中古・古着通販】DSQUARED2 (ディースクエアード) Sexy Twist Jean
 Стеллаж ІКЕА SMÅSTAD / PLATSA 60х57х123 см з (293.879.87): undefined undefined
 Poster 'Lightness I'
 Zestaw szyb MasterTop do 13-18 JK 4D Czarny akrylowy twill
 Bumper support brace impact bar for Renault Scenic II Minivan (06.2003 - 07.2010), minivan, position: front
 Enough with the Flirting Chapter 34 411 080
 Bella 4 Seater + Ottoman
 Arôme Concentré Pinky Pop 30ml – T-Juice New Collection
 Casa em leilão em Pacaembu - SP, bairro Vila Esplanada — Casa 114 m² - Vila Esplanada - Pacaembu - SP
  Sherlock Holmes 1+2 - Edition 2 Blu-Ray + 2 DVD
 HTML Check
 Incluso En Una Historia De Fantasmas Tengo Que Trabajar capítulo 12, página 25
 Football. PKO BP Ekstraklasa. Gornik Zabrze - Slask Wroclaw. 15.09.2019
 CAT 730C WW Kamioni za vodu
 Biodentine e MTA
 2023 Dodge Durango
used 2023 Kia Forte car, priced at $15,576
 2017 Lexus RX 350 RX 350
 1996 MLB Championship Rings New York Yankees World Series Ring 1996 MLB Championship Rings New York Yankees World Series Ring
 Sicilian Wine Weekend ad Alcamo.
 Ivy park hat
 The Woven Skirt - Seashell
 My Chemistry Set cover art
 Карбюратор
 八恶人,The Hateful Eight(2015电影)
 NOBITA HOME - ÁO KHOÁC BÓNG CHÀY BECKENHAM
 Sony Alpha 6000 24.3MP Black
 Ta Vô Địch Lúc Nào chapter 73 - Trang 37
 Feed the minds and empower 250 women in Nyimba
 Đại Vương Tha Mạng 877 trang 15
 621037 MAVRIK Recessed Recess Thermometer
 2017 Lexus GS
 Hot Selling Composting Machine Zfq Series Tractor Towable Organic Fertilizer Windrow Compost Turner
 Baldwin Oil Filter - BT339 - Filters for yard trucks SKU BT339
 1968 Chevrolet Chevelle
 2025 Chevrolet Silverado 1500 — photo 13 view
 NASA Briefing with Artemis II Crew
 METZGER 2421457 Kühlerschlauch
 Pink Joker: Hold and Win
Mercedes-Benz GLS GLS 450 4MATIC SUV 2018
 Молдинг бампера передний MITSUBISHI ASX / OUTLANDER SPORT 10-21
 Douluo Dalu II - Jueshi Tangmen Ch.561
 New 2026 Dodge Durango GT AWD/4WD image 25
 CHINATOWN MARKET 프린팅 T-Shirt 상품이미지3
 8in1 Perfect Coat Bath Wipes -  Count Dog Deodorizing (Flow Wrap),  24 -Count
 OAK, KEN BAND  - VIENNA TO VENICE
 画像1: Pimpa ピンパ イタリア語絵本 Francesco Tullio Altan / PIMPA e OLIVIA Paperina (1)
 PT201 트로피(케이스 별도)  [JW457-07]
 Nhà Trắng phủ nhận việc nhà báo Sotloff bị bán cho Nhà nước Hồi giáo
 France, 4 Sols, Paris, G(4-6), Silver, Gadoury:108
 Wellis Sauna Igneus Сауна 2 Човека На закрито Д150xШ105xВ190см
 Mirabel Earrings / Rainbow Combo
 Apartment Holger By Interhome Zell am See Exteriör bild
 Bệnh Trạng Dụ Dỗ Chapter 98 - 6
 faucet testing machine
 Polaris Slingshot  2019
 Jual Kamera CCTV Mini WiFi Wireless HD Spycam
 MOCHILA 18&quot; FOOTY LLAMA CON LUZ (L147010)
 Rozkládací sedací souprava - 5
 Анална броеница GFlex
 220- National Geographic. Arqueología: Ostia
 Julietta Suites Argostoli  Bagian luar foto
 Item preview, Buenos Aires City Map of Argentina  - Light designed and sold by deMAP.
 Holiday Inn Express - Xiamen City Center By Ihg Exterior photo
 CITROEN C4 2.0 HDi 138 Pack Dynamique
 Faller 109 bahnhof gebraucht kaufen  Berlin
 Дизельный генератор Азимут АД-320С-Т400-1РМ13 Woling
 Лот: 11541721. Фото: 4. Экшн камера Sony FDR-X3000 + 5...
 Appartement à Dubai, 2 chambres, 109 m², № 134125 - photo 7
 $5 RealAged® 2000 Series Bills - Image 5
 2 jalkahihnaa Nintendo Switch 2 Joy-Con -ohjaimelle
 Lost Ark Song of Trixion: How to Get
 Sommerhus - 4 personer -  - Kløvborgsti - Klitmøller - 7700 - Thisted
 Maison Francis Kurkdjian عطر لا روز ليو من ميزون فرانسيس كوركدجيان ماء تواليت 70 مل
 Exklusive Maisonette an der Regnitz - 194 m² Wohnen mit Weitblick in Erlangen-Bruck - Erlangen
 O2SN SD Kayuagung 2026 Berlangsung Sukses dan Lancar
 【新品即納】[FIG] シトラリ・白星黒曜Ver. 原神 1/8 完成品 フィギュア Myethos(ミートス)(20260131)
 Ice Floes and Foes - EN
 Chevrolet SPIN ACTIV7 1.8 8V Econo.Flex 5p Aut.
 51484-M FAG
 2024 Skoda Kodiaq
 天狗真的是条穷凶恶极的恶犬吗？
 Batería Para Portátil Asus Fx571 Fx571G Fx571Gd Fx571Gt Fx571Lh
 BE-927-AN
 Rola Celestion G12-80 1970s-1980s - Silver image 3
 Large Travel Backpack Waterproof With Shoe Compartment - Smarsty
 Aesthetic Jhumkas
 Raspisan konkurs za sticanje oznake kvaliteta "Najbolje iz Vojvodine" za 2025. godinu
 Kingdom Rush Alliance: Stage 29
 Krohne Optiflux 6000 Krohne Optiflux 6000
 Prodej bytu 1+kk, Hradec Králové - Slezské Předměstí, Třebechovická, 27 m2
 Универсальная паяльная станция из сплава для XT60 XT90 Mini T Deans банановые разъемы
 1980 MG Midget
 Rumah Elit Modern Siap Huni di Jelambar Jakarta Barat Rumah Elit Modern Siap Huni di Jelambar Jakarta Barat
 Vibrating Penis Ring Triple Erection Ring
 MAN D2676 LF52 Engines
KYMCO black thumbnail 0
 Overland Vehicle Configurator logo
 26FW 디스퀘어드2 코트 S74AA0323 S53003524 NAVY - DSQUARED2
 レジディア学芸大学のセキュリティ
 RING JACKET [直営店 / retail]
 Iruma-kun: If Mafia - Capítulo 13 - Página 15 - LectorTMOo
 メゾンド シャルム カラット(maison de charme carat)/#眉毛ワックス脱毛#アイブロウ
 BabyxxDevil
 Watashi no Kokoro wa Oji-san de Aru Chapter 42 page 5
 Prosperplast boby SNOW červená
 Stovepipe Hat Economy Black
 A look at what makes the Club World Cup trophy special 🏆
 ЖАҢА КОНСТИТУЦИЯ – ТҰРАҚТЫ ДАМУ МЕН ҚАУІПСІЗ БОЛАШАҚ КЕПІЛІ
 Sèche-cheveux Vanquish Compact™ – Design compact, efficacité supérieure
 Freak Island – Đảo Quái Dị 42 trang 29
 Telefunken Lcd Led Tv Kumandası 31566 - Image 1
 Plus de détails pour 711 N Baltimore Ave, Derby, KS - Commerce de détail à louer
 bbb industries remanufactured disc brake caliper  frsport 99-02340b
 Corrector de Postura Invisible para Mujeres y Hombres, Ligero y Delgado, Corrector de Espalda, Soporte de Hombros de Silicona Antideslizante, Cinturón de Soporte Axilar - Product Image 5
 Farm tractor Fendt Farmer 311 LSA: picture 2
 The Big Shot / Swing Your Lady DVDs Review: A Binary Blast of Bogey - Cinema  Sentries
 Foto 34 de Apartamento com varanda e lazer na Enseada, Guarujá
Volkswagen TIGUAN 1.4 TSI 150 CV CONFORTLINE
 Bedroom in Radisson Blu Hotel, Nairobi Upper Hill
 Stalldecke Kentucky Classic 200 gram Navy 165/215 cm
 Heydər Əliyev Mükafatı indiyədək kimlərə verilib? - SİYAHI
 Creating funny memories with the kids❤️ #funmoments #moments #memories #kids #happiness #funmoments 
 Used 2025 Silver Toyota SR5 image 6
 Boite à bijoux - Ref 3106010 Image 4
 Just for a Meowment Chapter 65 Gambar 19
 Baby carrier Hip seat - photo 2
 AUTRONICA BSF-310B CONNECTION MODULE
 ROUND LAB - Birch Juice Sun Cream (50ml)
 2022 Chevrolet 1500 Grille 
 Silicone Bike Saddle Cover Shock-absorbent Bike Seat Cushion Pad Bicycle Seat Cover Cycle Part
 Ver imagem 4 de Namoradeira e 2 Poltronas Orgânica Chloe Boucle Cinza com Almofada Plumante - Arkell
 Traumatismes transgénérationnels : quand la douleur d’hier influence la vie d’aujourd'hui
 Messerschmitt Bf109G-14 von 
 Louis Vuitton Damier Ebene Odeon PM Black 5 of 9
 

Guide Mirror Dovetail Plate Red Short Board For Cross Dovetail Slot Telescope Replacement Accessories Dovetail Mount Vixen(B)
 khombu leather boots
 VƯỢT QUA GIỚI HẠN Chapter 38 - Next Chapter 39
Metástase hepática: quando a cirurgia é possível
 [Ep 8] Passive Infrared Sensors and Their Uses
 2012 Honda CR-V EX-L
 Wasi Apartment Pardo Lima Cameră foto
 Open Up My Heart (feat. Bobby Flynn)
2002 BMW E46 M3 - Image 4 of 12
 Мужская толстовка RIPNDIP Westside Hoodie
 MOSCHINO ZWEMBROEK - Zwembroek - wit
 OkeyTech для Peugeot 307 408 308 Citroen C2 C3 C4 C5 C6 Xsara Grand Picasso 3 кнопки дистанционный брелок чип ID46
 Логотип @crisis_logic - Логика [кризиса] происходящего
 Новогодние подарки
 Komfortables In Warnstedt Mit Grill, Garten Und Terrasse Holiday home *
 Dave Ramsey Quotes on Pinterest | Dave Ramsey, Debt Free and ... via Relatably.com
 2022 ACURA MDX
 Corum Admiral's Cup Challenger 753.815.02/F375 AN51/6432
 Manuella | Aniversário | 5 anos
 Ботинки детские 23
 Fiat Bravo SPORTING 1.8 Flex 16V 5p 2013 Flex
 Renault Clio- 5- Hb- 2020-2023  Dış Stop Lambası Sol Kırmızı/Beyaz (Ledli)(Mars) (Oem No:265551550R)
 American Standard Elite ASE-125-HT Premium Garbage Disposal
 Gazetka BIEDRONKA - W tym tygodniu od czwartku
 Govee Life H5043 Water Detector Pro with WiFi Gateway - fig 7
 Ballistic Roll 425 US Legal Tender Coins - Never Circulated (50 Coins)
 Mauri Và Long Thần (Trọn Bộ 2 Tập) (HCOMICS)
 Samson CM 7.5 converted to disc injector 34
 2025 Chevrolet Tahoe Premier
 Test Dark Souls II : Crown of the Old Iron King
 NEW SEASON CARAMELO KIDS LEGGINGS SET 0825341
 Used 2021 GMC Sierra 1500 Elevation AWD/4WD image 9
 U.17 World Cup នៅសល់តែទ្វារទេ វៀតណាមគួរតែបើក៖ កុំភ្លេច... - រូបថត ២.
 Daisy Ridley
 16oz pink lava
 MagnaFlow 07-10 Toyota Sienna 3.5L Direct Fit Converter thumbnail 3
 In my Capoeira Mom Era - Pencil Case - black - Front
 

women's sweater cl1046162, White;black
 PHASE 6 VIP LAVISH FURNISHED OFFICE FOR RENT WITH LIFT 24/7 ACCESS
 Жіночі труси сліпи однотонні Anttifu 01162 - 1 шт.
• • • • •
Task to carry out
Only the lines above starting with the one with "Series Ring 1996" and going through the one with "CHINATOWN MARKET 프린팅 T-Shirt 상품이미지3" are to be copied, word for word and with both ends kept.

Response to this task
 1996 MLB Championship Rings New York Yankees World Series Ring 1996 MLB Championship Rings New York Yankees World Series Ring
 Sicilian Wine Weekend ad Alcamo.
 Ivy park hat
 The Woven Skirt - Seashell
 My Chemistry Set cover art
 Карбюратор
 八恶人,The Hateful Eight(2015电影)
 NOBITA HOME - ÁO KHOÁC BÓNG CHÀY BECKENHAM
 Sony Alpha 6000 24.3MP Black
 Ta Vô Địch Lúc Nào chapter 73 - Trang 37
 Feed the minds and empower 250 women in Nyimba
 Đại Vương Tha Mạng 877 trang 15
 621037 MAVRIK Recessed Recess Thermometer
 2017 Lexus GS
 Hot Selling Composting Machine Zfq Series Tractor Towable Organic Fertilizer Windrow Compost Turner
 Baldwin Oil Filter - BT339 - Filters for yard trucks SKU BT339
 1968 Chevrolet Chevelle
 2025 Chevrolet Silverado 1500 — photo 13 view
 NASA Briefing with Artemis II Crew
 METZGER 2421457 Kühlerschlauch
 Pink Joker: Hold and Win
Mercedes-Benz GLS GLS 450 4MATIC SUV 2018
 Молдинг бампера передний MITSUBISHI ASX / OUTLANDER SPORT 10-21
 Douluo Dalu II - Jueshi Tangmen Ch.561
 New 2026 Dodge Durango GT AWD/4WD image 25
 CHINATOWN MARKET 프린팅 T-Shirt 상품이미지3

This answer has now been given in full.